El 31 de mayo de de 2004, el Juzgado Segundo Laboral del Circuito de Descongestión, para el Juzgado Décimo Laboral del Circuito de Bogotá, dictó la sentencia que puso fin a la primera instancia. Condenó al FONDO a pagar la pensión sanción al accionante “e n los términos convencionalmente señalados conforme a las consideraciones de este proveído”, y de contera, las mesadas pensionales desde el 18 de noviembre de 1997; declaró probada la excepción de cosa juzgada, respecto de las pretensiones principales.

Gravó con las costas a la entidad accionada. Por escrito recibido el 30 de junio de 2004 (fl. 212), directamente el actor manifestó que, era su decisión libre y voluntaria desistir del proceso, para que el FONDO decretara la pensión de jubilación, por lo cual, pidió que se archivara el expediente y cesara todo procedimiento. Sin embargo, tal solicitud no fue aceptada por el Juzgado.

SENTENCIA ACUSADA Por apelación de la parte demandada, el Tribunal Superior del Distrito Judicial de San Andrés, Providencia y Santa Catalina, mediante sentencia de 31 de octubre de 2006, confirmó la sentencia de primera instancia. No impuso costas.
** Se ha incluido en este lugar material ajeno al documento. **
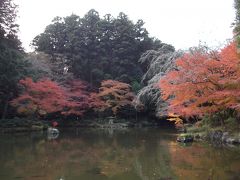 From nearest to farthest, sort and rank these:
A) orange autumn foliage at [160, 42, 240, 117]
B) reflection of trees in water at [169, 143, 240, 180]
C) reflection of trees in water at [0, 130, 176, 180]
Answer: reflection of trees in water at [169, 143, 240, 180] < reflection of trees in water at [0, 130, 176, 180] < orange autumn foliage at [160, 42, 240, 117]

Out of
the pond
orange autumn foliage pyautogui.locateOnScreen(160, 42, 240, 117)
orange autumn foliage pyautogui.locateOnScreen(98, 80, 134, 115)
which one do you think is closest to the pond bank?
orange autumn foliage pyautogui.locateOnScreen(160, 42, 240, 117)

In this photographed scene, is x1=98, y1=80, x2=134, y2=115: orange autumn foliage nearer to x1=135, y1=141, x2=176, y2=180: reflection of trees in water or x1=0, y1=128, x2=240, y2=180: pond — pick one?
x1=0, y1=128, x2=240, y2=180: pond

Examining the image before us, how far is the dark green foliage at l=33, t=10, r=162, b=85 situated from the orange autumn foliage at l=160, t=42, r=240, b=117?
1785 cm

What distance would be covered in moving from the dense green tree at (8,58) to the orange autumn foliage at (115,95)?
7865 mm

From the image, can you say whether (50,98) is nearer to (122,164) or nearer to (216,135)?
(216,135)

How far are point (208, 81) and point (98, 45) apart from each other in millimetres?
21536

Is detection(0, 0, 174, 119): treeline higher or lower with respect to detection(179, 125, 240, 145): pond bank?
higher

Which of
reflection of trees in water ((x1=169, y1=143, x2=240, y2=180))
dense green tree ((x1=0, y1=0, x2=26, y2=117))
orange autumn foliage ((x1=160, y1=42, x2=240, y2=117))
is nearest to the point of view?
reflection of trees in water ((x1=169, y1=143, x2=240, y2=180))

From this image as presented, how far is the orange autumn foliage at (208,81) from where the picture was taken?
570 inches

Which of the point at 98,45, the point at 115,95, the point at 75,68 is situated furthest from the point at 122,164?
the point at 98,45

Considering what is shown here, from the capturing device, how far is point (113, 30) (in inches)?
1468

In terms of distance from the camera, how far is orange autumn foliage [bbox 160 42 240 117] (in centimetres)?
1448

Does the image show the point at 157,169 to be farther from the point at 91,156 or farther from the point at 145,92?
the point at 145,92

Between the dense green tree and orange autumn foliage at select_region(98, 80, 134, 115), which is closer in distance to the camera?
the dense green tree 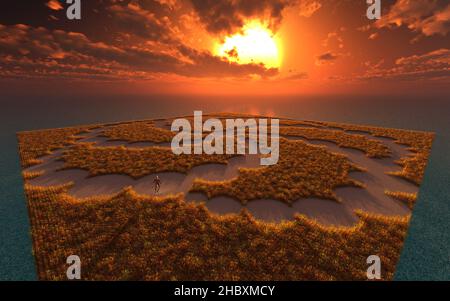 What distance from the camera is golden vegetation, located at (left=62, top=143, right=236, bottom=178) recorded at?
1859 cm

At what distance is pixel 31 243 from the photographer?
978cm

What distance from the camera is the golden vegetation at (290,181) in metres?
14.3

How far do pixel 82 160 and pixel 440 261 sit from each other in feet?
96.1

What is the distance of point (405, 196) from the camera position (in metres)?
14.2

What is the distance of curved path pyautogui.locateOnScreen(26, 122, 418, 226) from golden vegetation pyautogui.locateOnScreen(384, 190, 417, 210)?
1.48ft

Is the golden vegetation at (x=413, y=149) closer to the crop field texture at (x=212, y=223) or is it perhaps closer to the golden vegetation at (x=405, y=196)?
the crop field texture at (x=212, y=223)

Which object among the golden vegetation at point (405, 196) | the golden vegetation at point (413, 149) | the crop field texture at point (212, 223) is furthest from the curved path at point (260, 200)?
the golden vegetation at point (413, 149)

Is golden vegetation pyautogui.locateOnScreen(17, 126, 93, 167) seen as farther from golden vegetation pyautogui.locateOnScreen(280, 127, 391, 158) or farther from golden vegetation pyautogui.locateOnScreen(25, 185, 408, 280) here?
golden vegetation pyautogui.locateOnScreen(280, 127, 391, 158)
En lo que interesa al recurso, el ad quem aseveró que, como la inconformidad del apelante pasa por la imposibilidad de conceder una nueva pensión al actor, debido a que éste desistió de todas las pretensiones “debe decirse que sobre esta solicitud ya se pronunció el Juzgado, razón por la cual no le es dable a este Tribunal volver a decidir sobre la misma, máxime, cuando la petición fue presentada como especial para que resolviera sobre ella el juzgado que conoció de la primera instancia en este proceso”; y que, aunque la copia de la Resolución presentada por el demandante (fls. 218 a 222), en la que se le reconoció pensión proporcional de jubilación, coincide con la que se debate en el proceso, “la fundamentación de la concesión de una y otra de las pensiones sanciones (sic) es distinta, ya que, en la pensión sanción reconocida como producto de la sentencia se cita como sustento legal varias de la normas de la convención colectiva al momento del retiro y en la otra, el sustento es la Ley 171 de 1961 artículo 8 y Decreto 1848 de 1969, artículo 74 y siguientes, lo que quiere decir que ambas pensiones tienen dos fundamentaciones legales distintas, en vista de lo cual es principio de que siempre predomina los acuerdos realizados por las partes, en el caso que nos ocupa la Convención Colectiva”.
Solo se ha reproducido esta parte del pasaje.